A comparação com Chuck Norris é culpa minha. Já havia usado contra ele o argumento de que a justiça que todo mundo quer foi apreendida nos filmes de ação de Hollywood. 87% da população brasileira é favorável à redução, dizem algumas pesquisas. É muito Chuck Norris, penso eu. A justiça que a imensa maioria quer fundamenta-se no roteiro base de qualquer daqueles filmes, e são milhares, em que o mocinho, no final, todo arrebentado, dispara um tiro certeiro na cabeça do vilão medonho e, no mesmo instante, somos todos inundados de profundo sentimento de alívio e paz. Justiça foi feita. Está tudo bem. Vamos dormir.

Meu amigo disse que o Deus do Velho Testamento é mais vingativo que Chuck Norris e sei que existe uma série de versículos que atestam esse pensamento. Argumentei que é preciso avaliar o texto dentro de seu contexto histórico, de como a sociedade resolvia as coisas na época em que o texto foi escrito. E foi nesse momento que chegamos no ponto mais interessante da discussão, que foi também o instante em que, covardemente, pulei fora dela. É que esse negócio de discutir em pequenos e rápidos argumentos nas áreas de comentários de facebuques e coisas afins me dá um desânimo incrível. Mas resolvi usar o espaço obsoleto desse blog para organizar meu pensamento. O argumento de meu amigo para se opor à minha defesa de que o texto deve ser analisado dentro do contexto foi: "Que deus é este que escreve um livro que era para ser um guia para as pessoas e no entanto requer que as pessoas para entendê-lo façam verdadeiros cursos? Não seria mais justo ser direto?". É realmente curioso que para entender a bíblia o interessado precise ser um doutor em teologia e saber grego e hebraico. E meu amigo está certo, caso o interesse de alguém seja entender a bíblia. É um livro complexo pra caramba, escrito por cerca de 40 autores diferentes em um período provável de 1600 anos sendo que os livros mais antigos têm entre 3 e 4 mil anos de idade. Alguém quer entender essa parada sem estudar?

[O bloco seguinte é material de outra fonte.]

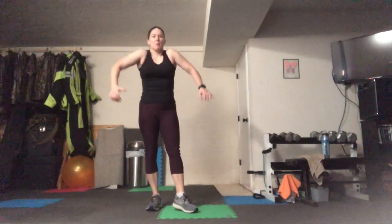Go ahead and roll those shoulders out. What we're going to do is you're going to have 45 seconds on and 15 seconds recovery. Right now we're going to warm up first — get your body prepared for what's coming.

"Que deus é este que escreve um livro que era para ser um guia para as pessoas e no entanto requer que as pessoas para entendê-lo façam verdadeiros cursos?"

Entretanto, a questão da qual não quero me desviar, é que existe um evidente distinção entre entender a bíblia e ser um seguidor do rabi judeu que inaugurou o que, bem posteriormente, passou a ser chamado de cristianismo. Existem, aliás, dois pontos que, apesar de amplamente utilizados, são incrivelmente falhos no argumento apresentado por meu amigo. Pelo menos do ponto de vista da fé cristã, ou seja, a fé que deriva do judeu chamado Jesus de Nazaré. Primeiro, supor que deus escreveu um livro. Segundo, que o livro foi escrito para ser um guia. O próprio conceito de 'um livro' já é um tanto equivocado, umas vez que a bíblia é uma compilação de cerca de 70 manuscritos (66 para os protestantes, 73 para os católicos), mas beleza, até dá para tratá-la como um livro feito de livros. O que não dá é para imaginar que um discípulo de Jesus é um cara chamado para seguir um livro escrito por Deus, mesmo que esse livro seja o livro que todo cristão tem (ou deveria ter) na sua mesa de cabeceira, todo gasto, anotado, sublinhado.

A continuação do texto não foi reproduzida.